╭──
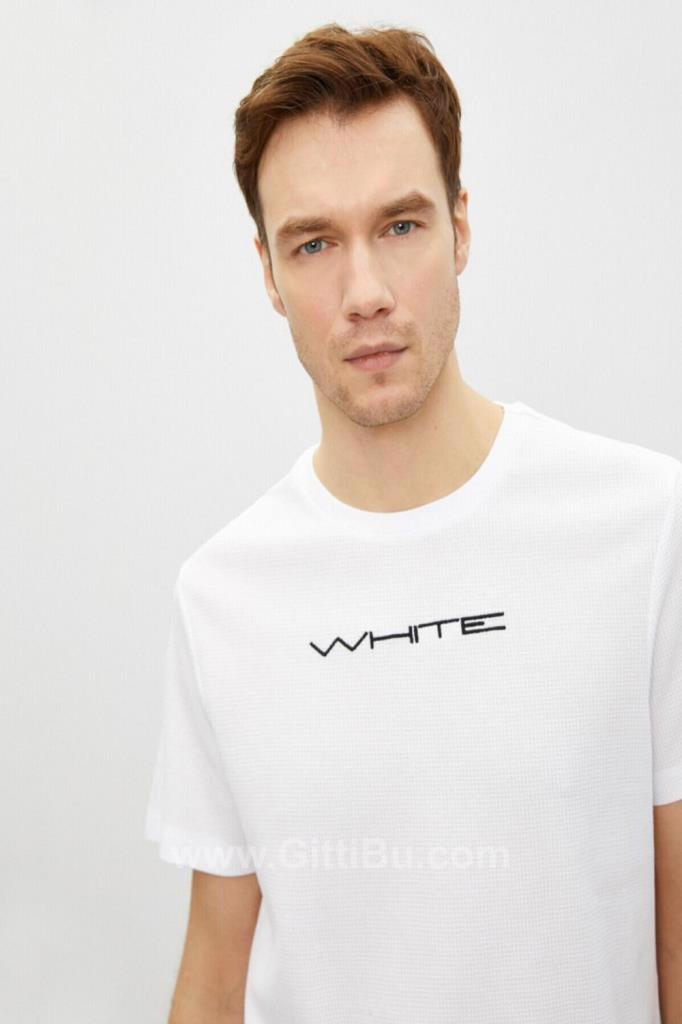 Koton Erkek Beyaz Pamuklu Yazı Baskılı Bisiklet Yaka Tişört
╰──
╭──
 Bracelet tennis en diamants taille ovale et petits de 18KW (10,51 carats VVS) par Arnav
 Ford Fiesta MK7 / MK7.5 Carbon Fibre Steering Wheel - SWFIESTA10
╰──
• **REQUIRED ACTION**: Your answer should be the lines of the listing above between the line holding "Bracelet tennis en" and the line holding "Ford Fiesta MK7", inclusive, restated word for word and alone.

• **RESPONSE AREA**:
 Bracelet tennis en diamants taille ovale et petits de 18KW (10,51 carats VVS) par Arnav
 Ford Fiesta MK7 / MK7.5 Carbon Fibre Steering Wheel - SWFIESTA10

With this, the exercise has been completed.